To be fair, the current president and administration are merely responding to the pressures and funding incentives from the state legislature and the regents of the public universities in Utah. If President Tuminez did not work hard to raise the graduation rates quickly, then she would soon be out of a job. That being said, there are three conflicting goals at UVU: have meaningful academic standards, continue its open enrollment policy, and achieve a high graduation rate. No one seems to have the courage to say that a university can achieve one or two of these goals — but not all three at the same time. UVU chose to dispense with high academic standards. As a result, it’s a race to the bottom there. UVU has shifted from being an institute of learning to being an institute of credentialing.

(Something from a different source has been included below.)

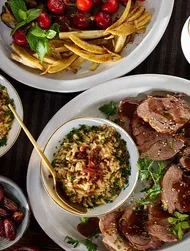 Pierna de cordero asada lentamente con pilaf de orzo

After the new president was inaugurated, there was also a change in the university’s attitude towards research. When I was first hired, I felt lucky to have found a teaching university that appreciated my research endeavors, and I quickly settled into publishing 4-6 articles per year. I often co-authored with students, which was catnip for the administration. The public relations office loved churning out press releases for my studies as part of their efforts to build up the university’s reputation. I even received an award from the then-university president for my research in 2015. But starting about two years ago, the university has been cold to my research output, and no one seems to care. As the months passed, I felt that the unique skills and accomplishments were not appreciated by the university.

Finally, at UVU, students are being treated more like customers who must be mollified and coddled. The respect that the administration shows towards the faculty has decreased proportionately. Unlike a decade ago, I no longer felt respected as a scholar in my area of expertise. Instead, I feel like a replaceable employee, and the disrespect and indignities that I saw inflicted on me and my colleagues was demoralizing. At one point, the university even violated my constitutional rights (and I have the letter from FIRE to prove it).
None of these circumstances was, by itself, a reason to leave the job I held for ten years. But there was an accumulation of unfavorable circumstances that, when combined, made staying in the job untenable. Increasingly, what UVU and I have to offer each other do not align with what each party wants. An amicable parting seems best at this time. I wish my former students and colleagues the best and hope for their success from afar.